(Stored data)
--------------------------------

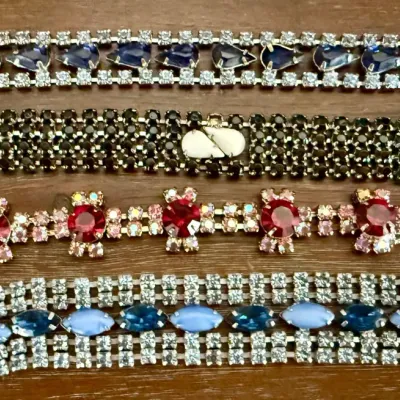 (4) Vintage Assorted Color 7 Inch Rhinestones Bracelets (2) As Is)
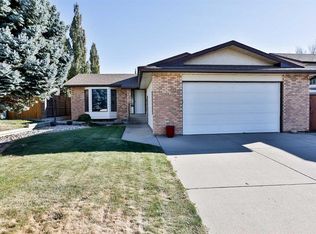 6 SE Mount Crandell Bay W, Lethbridge, AB T1K6L9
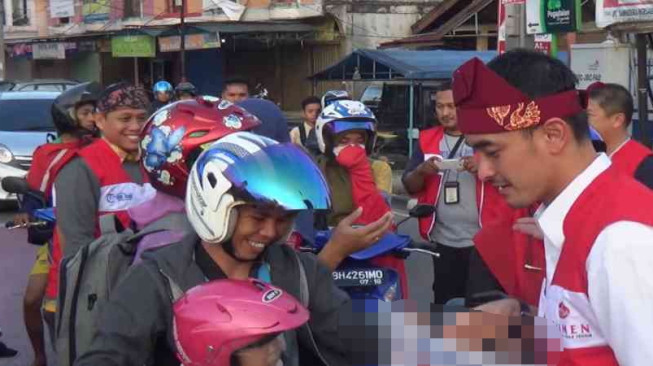 Zumi Zola Jadi Loper Koran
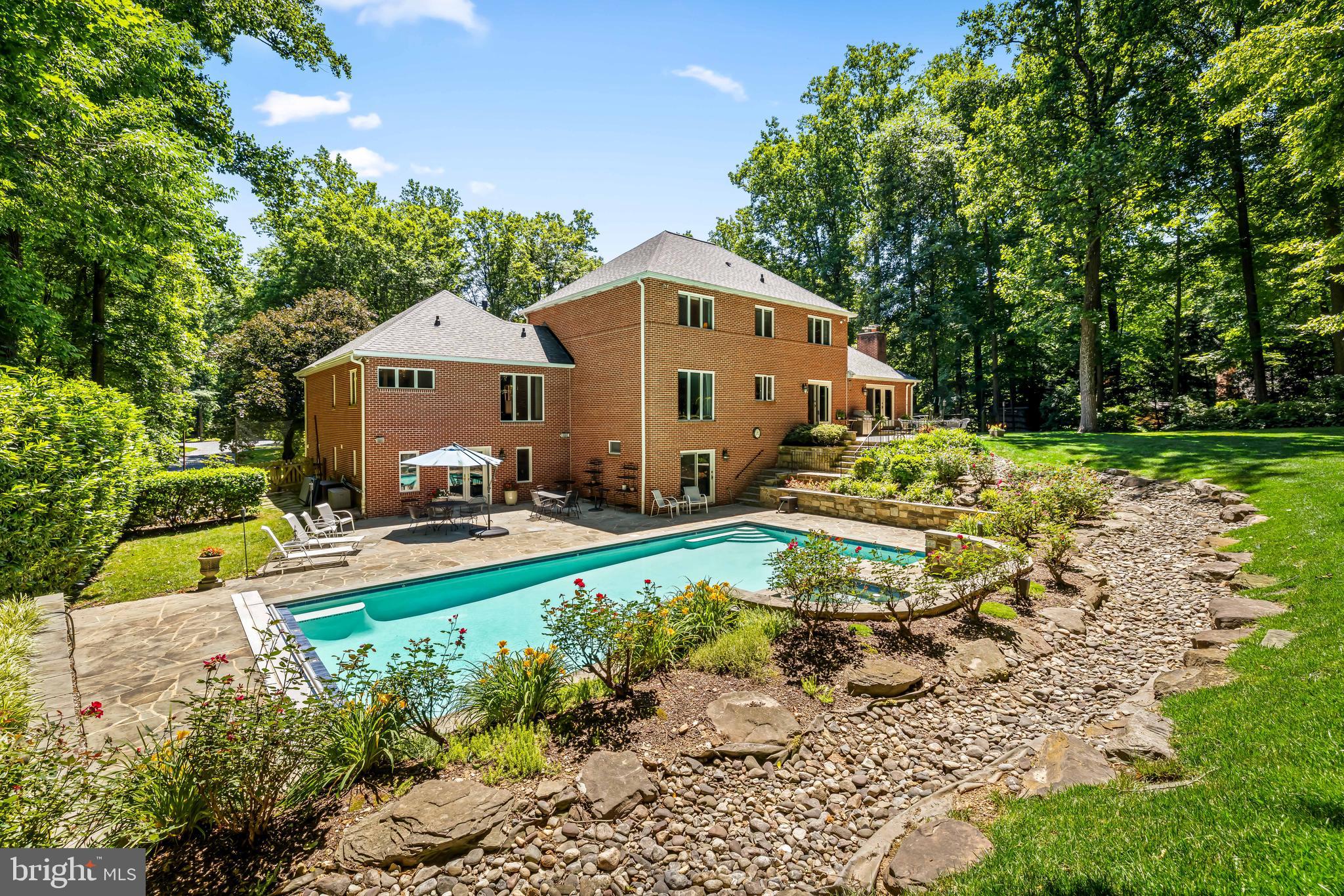 BROOKWOOD - Residential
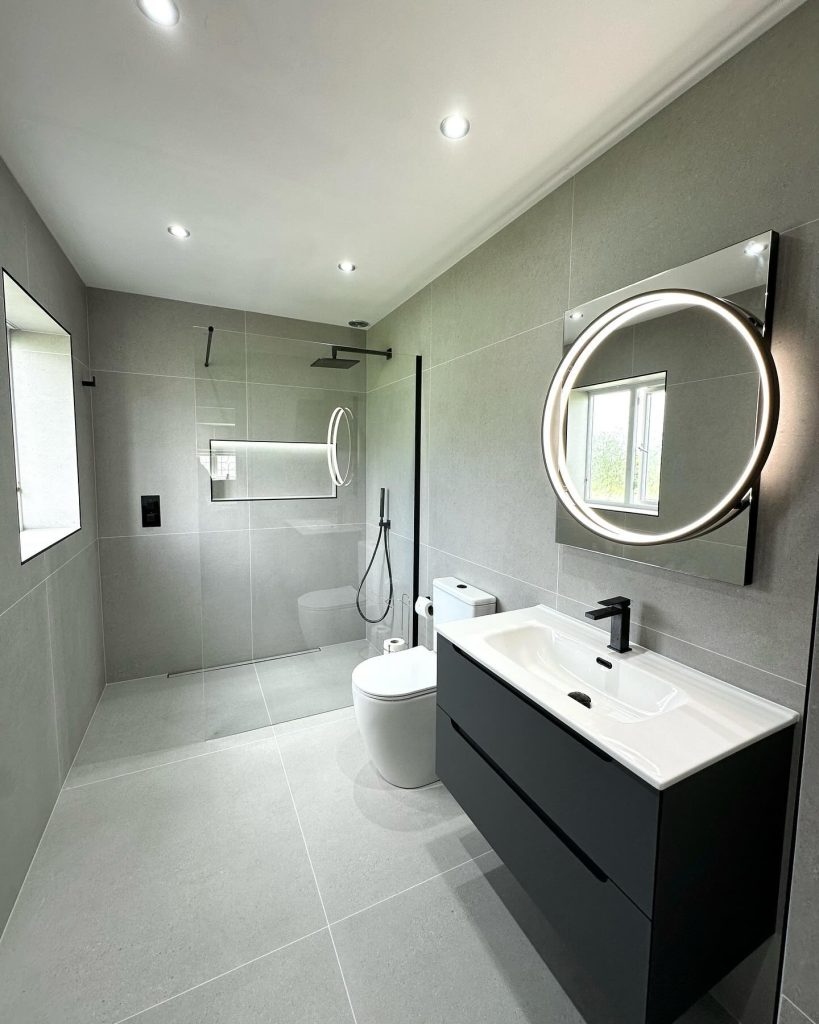 Ντους χωρίς πόρτα: 15+ ιδέες που μεταμορφώνουν το μπάνιο το 2026 17 Ντους χωρίς πόρτα: 15+ ιδέες που μεταμορφώνουν το μπάνιο το 2026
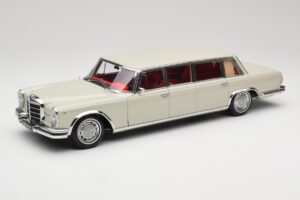 Mercedes 600 Pullman W100 Lysegrå NZG 1:18 B66040708 Metal
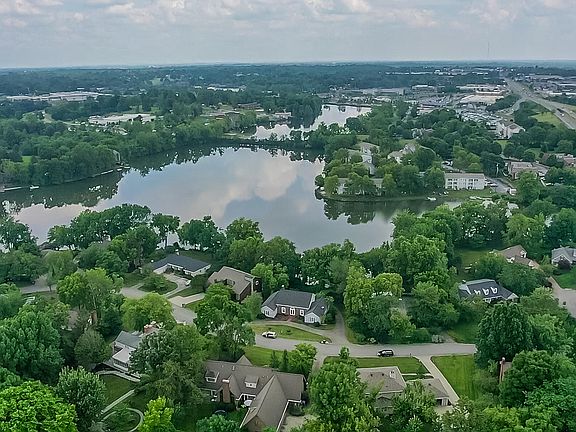 3rd image of 739 Lakeshore Dr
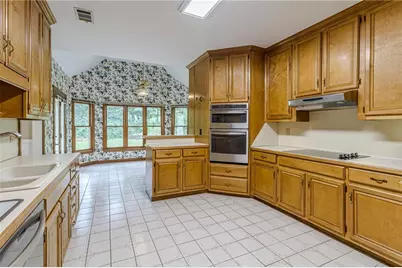 10625 Haynes Forest Drive, Alpharetta, GA 30022 - Photo 14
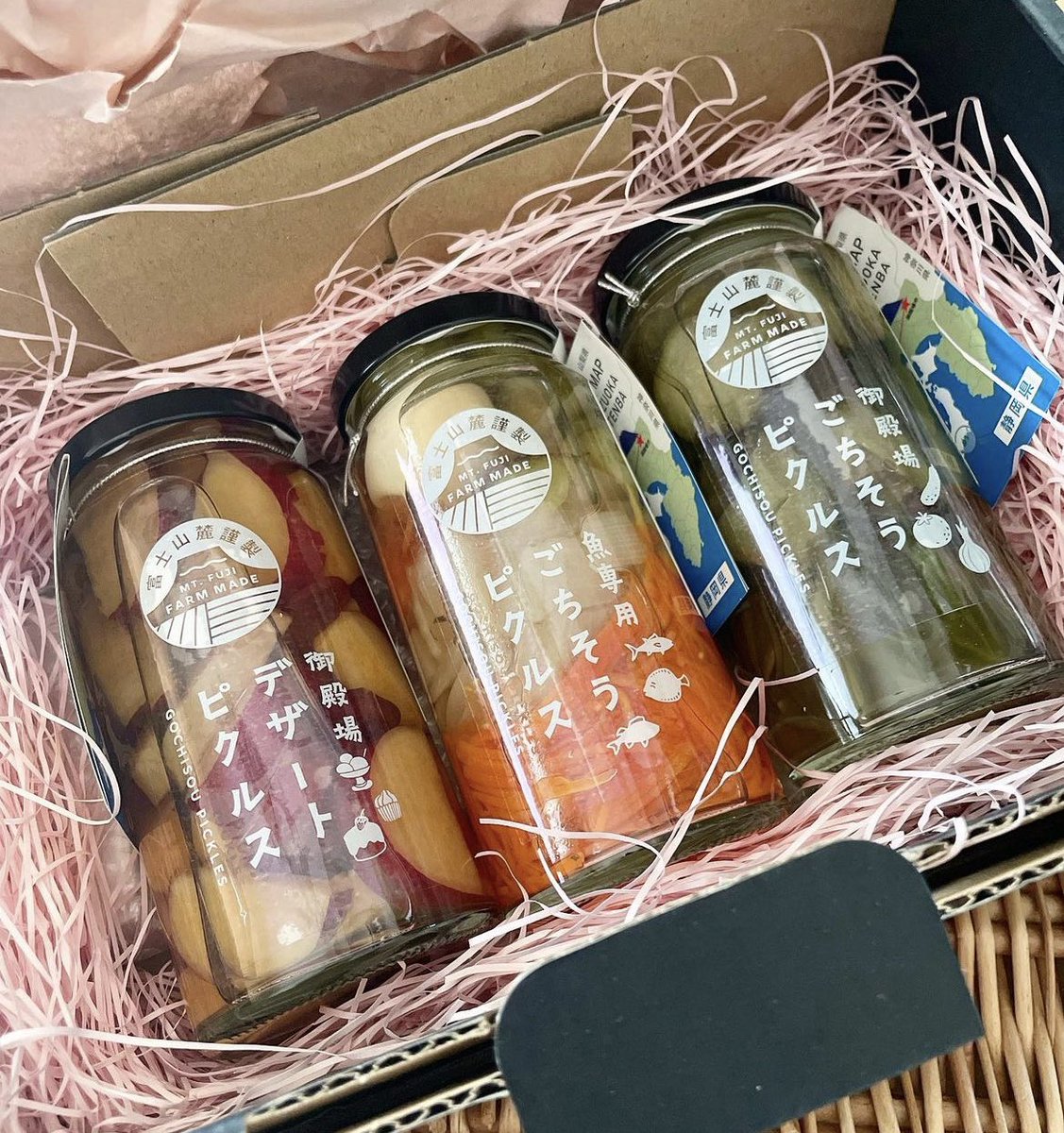 721Aymi's tweet photo. コエタスさまのキャンペーンにていただいた『富士山麓謹製ごちそうピクルス』
彩りが綺麗でパッケージも可愛い♡︎
どれも美味しくて、具材を加えてアレンジも出来ます👍保存料不使用が嬉しい🫶
#コエタス #PR #かつまたファーム #ごちそうピクルス #健太トマト #健太ポテト https://t.co/UK0sxX5rLk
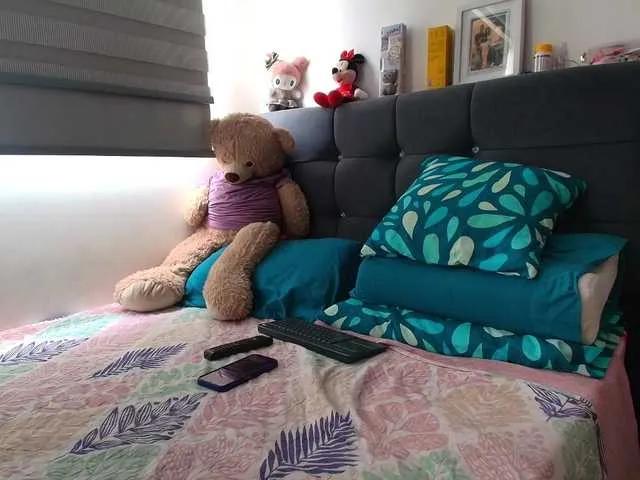 Offline GRACEKELLY9 on BongaCams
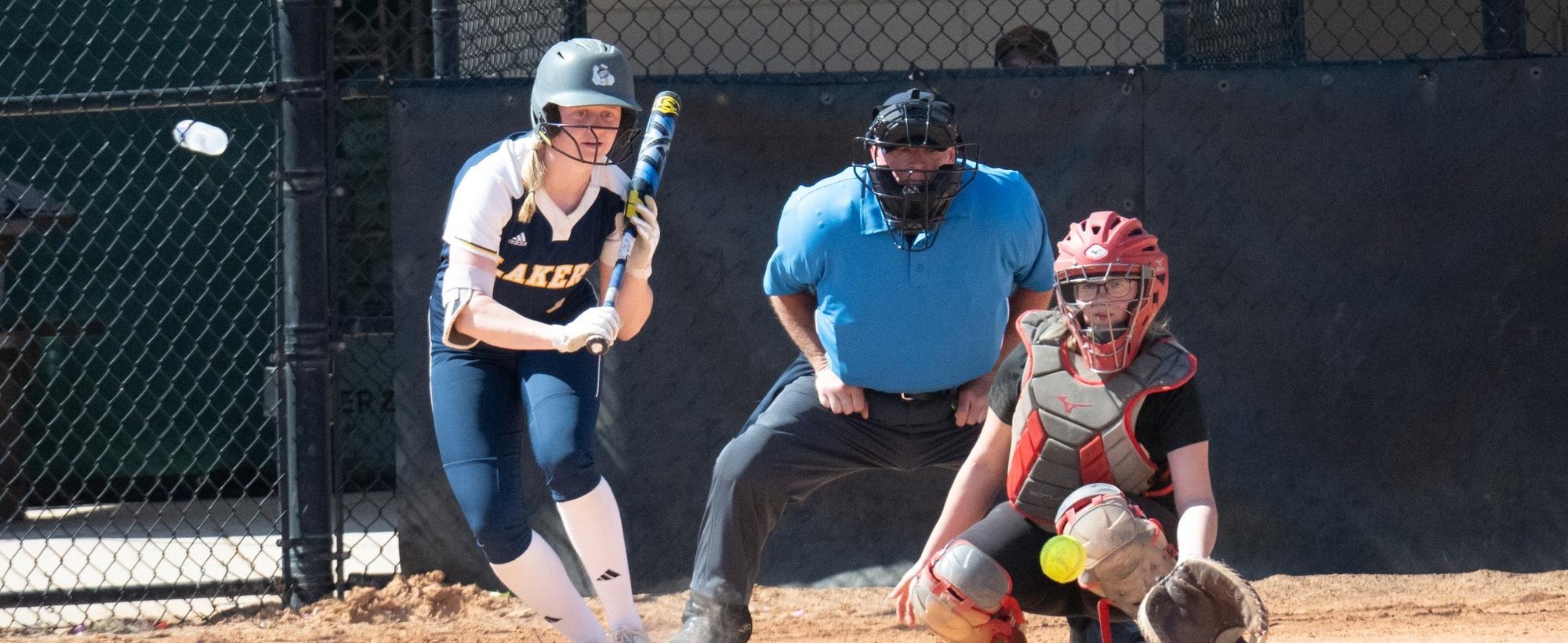 Trojans Hold off the Lakers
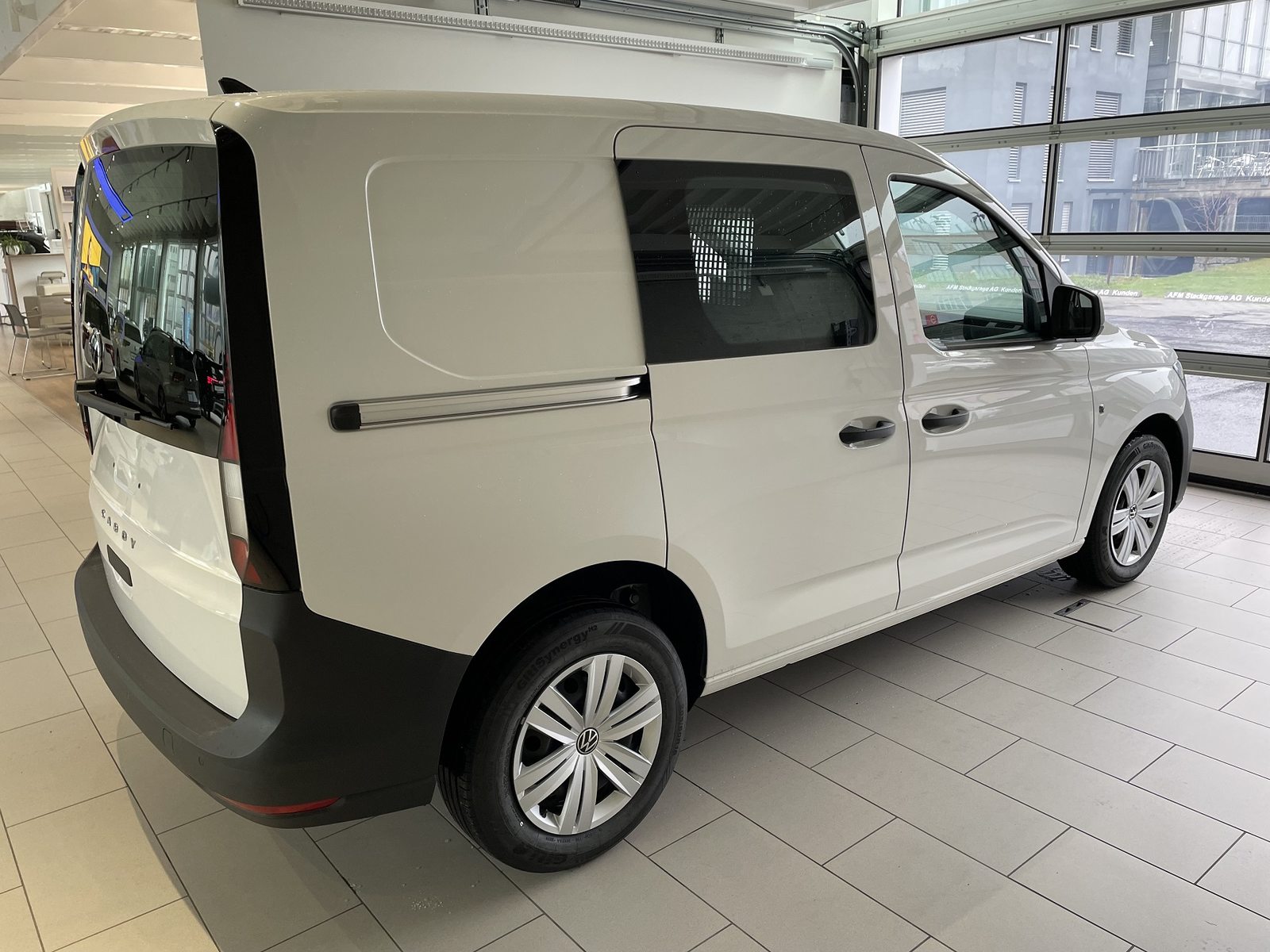 VW Caddy Cargo Entry, Petrol, Second hand / Used, Manual - 2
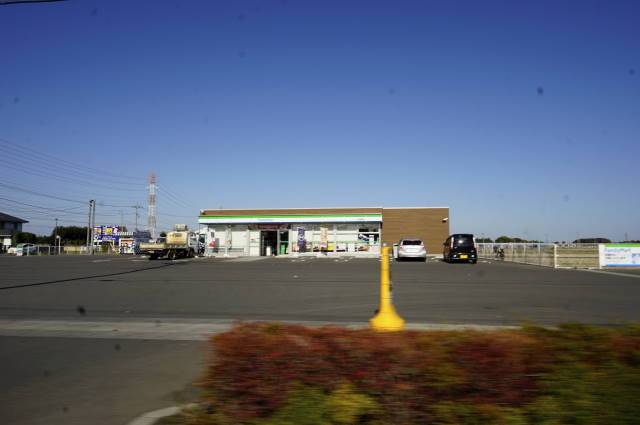 コンビニ　ファミリーマート小山稲葉郷店（コンビニ）まで439m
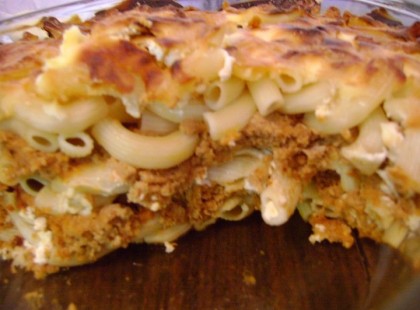 Tejfölös-húsos rakott tészta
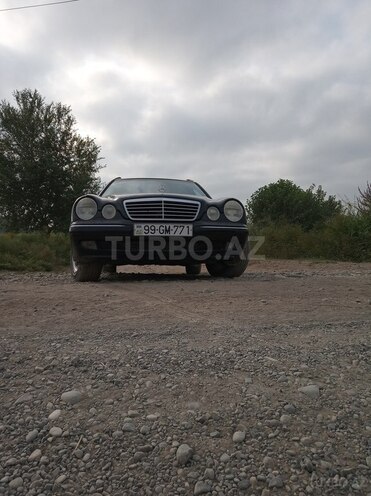 Mercedes E 240 2000, 333,333 km - 0.3 l - Bərdə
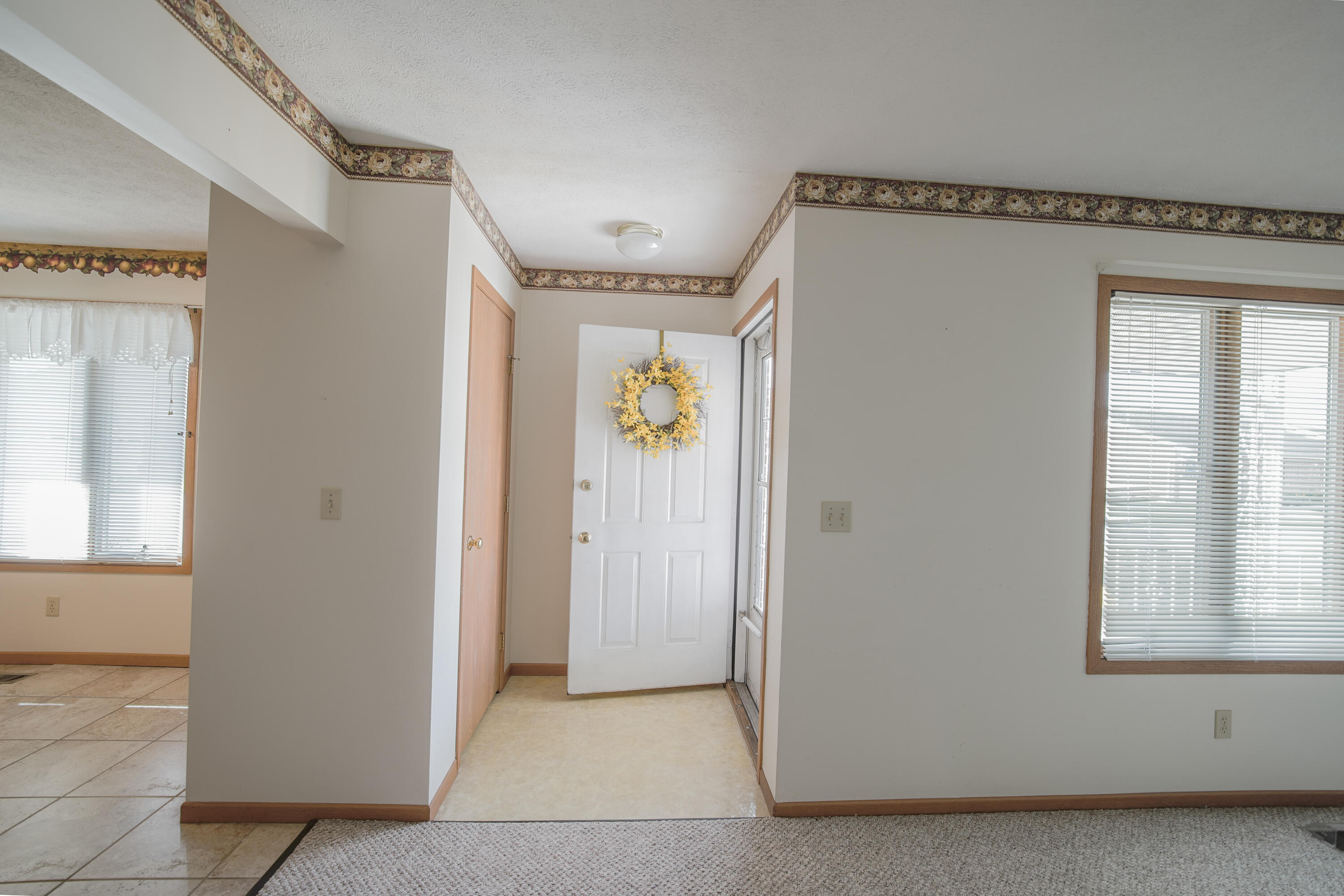 609 Julia, Urbana, Ohio 43078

--------------------------------

Task item: All of the entries, apart from the pictures, must be returned exactly.

The answer:
 (4) Vintage Assorted Color 7 Inch Rhinestones Bracelets (2) As Is)
 6 SE Mount Crandell Bay W, Lethbridge, AB T1K6L9
 Zumi Zola Jadi Loper Koran
 BROOKWOOD - Residential
 Ντους χωρίς πόρτα: 15+ ιδέες που μεταμορφώνουν το μπάνιο το 2026 17 Ντους χωρίς πόρτα: 15+ ιδέες που μεταμορφώνουν το μπάνιο το 2026
 Mercedes 600 Pullman W100 Lysegrå NZG 1:18 B66040708 Metal
 3rd image of 739 Lakeshore Dr
 10625 Haynes Forest Drive, Alpharetta, GA 30022 - Photo 14
 721Aymi's tweet photo. コエタスさまのキャンペーンにていただいた『富士山麓謹製ごちそうピクルス』
彩りが綺麗でパッケージも可愛い♡︎
どれも美味しくて、具材を加えてアレンジも出来ます👍保存料不使用が嬉しい🫶
#コエタス #PR #かつまたファーム #ごちそうピクルス #健太トマト #健太ポテト https://t.co/UK0sxX5rLk
 Offline GRACEKELLY9 on BongaCams
 Trojans Hold off the Lakers
 VW Caddy Cargo Entry, Petrol, Second hand / Used, Manual - 2
 コンビニ　ファミリーマート小山稲葉郷店（コンビニ）まで439m
 Tejfölös-húsos rakott tészta
 Mercedes E 240 2000, 333,333 km - 0.3 l - Bərdə
 609 Julia, Urbana, Ohio 43078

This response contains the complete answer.